My thoughts here would be to for the next line to be

PublicLibraryStack.<INVOKE OPERATION>

But no operations are given available. The only way I can manipulate my stack is in my main method, using this code, in my other class.

PublicLibrary pl = new PublicLibrary()
pl.PublicLibraryStack.<WHATEVER OPERATION> //eg. add()

So how can I get one created inside my PublicLibrary class? Any help would be greatly appreciated, thanks.

Fou-Lu
03-03-2009, 07:59 PM
This is the behaviour of OO programming languages. You can't add to it within you're member declarations, you have to do it in a method. What you can do is use the OO member instead of accessing it via another property from an object context (using this.).
This is probably what I'd do:

public class PublicLibrary implements Collection<LibraryItem>
{
private Collection<LibraryItem> obLibraryCollection;

public PublicLibrary(Collection<LibraryItem> obLibraryCollection)
{
this.obLibraryCollection = obLibraryCollection;
}
public boolean add(LibraryItem a)
{
return this.obLibraryCollection.add(a);
}
// ... chain all of the collection items to the library collection.
}

Here's the advantage to this approach.

public static void main(String[] argv)
{
PublicLibrary plVector = new PublicLibrary(new Vector<LibraryItem>());
plVector.add(new LibraryItem()); // Whatever in here

PublicLibrary plLL = new PublicLibrary(new LinkedList<LibraryItem>());
plLL.add(new LibraryItem());
}

As you can see, you've now eliminated the dependancy on the collection type.

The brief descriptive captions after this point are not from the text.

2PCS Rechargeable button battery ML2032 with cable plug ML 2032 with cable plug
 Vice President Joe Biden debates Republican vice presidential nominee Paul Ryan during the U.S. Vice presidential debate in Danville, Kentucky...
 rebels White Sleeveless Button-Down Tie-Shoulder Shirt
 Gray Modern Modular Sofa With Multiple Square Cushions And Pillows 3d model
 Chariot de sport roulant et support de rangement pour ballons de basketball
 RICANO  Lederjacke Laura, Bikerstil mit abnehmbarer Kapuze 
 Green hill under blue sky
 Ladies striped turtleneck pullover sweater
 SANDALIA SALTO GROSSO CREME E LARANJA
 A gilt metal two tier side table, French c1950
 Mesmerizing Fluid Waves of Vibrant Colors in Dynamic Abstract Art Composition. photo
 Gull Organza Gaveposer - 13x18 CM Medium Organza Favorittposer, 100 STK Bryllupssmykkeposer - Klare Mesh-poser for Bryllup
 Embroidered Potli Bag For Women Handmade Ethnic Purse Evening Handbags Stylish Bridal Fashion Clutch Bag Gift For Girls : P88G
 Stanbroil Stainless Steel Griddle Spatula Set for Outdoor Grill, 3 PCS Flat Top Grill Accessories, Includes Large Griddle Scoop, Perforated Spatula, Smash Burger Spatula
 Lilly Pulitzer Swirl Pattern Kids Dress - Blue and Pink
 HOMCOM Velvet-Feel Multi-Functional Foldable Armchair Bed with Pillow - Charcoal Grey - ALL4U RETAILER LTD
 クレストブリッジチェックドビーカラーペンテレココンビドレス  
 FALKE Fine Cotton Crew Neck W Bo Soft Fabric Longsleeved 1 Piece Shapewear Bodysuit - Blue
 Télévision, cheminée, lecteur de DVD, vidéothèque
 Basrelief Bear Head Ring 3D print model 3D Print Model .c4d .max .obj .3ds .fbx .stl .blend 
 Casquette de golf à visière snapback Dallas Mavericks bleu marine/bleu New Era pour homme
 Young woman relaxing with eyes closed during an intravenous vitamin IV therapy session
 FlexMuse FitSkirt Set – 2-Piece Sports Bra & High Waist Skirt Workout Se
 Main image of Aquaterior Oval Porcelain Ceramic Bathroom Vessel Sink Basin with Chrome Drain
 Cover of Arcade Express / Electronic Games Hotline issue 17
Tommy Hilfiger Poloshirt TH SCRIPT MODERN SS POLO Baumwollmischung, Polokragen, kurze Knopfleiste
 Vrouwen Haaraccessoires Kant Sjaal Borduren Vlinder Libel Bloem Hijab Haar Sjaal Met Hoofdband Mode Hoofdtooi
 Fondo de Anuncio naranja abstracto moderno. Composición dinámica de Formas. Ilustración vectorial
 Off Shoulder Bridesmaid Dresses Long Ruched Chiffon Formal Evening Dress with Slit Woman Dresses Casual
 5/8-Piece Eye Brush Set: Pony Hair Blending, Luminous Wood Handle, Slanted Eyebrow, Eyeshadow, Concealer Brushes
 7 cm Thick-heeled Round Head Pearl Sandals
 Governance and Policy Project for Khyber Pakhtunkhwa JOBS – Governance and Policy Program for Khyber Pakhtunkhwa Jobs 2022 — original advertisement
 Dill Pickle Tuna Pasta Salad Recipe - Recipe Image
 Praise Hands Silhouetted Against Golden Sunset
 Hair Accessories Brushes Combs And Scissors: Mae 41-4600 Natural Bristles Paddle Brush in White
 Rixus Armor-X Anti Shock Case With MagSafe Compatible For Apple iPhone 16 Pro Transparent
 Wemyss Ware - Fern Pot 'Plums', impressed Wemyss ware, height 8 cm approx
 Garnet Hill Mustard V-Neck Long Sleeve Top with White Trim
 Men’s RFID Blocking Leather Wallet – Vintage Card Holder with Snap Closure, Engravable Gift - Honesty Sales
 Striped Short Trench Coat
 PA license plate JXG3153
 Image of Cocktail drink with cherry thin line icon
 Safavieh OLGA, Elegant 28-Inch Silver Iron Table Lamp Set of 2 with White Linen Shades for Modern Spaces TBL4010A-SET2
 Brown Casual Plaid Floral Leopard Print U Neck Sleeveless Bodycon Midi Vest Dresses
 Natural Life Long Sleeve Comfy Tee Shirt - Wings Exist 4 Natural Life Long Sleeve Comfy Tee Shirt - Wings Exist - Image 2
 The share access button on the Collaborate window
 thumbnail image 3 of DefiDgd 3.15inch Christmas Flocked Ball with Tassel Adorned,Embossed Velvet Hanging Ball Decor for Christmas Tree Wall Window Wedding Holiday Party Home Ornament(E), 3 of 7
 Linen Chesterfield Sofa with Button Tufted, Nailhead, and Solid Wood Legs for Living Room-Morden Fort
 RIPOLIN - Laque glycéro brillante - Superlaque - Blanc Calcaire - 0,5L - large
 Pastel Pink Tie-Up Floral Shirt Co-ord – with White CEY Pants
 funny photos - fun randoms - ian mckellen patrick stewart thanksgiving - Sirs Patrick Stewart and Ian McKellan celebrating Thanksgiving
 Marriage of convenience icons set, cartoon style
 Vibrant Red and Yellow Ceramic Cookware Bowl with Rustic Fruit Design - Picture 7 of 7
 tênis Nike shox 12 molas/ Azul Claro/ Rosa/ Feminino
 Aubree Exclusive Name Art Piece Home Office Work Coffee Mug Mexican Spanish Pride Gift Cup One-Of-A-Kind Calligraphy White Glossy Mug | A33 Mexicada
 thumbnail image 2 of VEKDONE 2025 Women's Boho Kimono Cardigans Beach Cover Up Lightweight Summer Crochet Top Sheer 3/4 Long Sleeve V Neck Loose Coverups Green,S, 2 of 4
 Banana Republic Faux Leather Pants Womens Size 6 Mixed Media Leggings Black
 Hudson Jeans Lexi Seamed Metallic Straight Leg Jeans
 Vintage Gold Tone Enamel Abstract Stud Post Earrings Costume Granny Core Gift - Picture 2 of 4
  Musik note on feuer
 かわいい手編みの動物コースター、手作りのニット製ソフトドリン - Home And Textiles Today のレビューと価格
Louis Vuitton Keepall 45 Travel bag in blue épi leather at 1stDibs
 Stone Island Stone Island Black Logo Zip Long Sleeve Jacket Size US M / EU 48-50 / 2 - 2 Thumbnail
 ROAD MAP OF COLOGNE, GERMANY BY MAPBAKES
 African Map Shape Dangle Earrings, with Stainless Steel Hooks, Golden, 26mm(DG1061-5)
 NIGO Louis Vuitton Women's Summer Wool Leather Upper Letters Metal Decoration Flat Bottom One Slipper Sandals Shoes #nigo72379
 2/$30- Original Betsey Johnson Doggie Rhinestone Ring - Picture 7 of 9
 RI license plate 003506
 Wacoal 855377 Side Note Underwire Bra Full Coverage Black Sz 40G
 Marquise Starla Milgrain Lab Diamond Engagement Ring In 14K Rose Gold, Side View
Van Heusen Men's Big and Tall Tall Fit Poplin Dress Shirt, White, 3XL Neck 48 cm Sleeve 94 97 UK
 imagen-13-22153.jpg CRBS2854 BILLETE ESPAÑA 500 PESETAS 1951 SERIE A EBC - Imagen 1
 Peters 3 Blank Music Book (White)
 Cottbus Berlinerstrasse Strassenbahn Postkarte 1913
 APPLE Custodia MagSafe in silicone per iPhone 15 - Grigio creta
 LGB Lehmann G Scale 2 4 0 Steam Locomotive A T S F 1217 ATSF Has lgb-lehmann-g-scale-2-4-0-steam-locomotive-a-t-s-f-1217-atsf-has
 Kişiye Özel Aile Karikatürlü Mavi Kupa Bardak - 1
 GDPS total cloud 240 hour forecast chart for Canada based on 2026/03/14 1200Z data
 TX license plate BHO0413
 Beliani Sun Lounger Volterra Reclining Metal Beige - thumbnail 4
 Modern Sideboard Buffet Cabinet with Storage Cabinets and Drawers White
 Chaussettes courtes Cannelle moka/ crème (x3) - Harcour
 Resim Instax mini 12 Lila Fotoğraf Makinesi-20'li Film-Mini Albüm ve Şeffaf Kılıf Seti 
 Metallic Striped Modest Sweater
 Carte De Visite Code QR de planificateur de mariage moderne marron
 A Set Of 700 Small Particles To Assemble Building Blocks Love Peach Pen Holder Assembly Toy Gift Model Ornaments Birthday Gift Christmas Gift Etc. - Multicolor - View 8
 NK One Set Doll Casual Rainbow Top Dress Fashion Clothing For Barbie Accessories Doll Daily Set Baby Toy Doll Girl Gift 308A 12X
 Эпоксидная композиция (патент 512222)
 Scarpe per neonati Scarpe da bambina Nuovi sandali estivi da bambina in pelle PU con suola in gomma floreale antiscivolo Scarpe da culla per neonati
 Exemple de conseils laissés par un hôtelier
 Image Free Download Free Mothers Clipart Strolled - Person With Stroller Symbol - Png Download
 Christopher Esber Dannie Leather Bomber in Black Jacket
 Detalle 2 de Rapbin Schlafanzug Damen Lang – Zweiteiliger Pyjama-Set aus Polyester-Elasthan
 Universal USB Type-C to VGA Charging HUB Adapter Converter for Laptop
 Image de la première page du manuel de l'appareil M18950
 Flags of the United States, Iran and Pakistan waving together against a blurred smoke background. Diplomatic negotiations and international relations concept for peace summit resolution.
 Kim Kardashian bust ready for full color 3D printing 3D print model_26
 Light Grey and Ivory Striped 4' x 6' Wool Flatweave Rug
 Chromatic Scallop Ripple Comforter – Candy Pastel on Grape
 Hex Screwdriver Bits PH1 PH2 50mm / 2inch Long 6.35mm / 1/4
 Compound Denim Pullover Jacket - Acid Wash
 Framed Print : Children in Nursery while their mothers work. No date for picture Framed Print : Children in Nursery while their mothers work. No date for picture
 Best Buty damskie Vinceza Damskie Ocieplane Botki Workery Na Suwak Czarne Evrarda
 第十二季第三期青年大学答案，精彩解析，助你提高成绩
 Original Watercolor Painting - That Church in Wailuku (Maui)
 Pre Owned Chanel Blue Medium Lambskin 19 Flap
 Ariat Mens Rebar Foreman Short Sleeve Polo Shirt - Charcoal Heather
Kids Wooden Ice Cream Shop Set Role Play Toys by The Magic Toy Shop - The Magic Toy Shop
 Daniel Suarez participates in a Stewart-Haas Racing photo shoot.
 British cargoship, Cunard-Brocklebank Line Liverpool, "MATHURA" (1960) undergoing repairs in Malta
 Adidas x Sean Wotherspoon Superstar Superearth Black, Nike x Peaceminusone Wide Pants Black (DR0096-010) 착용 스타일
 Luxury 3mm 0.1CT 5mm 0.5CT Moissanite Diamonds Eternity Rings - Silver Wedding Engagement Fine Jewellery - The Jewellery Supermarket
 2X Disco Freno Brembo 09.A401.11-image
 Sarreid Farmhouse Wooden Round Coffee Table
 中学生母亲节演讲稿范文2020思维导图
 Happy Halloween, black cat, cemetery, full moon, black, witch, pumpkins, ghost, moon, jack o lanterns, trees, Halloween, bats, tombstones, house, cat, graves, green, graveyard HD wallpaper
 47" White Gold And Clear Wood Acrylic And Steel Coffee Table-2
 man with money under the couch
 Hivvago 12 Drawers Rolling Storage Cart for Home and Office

This is the power of interfaces, all we care about is we're getting a collection, which all of these are (see them here: http://java.sun.com/j2se/1.5.0/docs/api/java/util/Collection.html, you can use any of the classes from the all known classes section, or create you're own). You'll also notice that a PublicLibrary could theoretically contain another PublicLibray. It would work (all the methods should be chained to the same calls from the provided obLibraryCollection), though it does seem a little silly.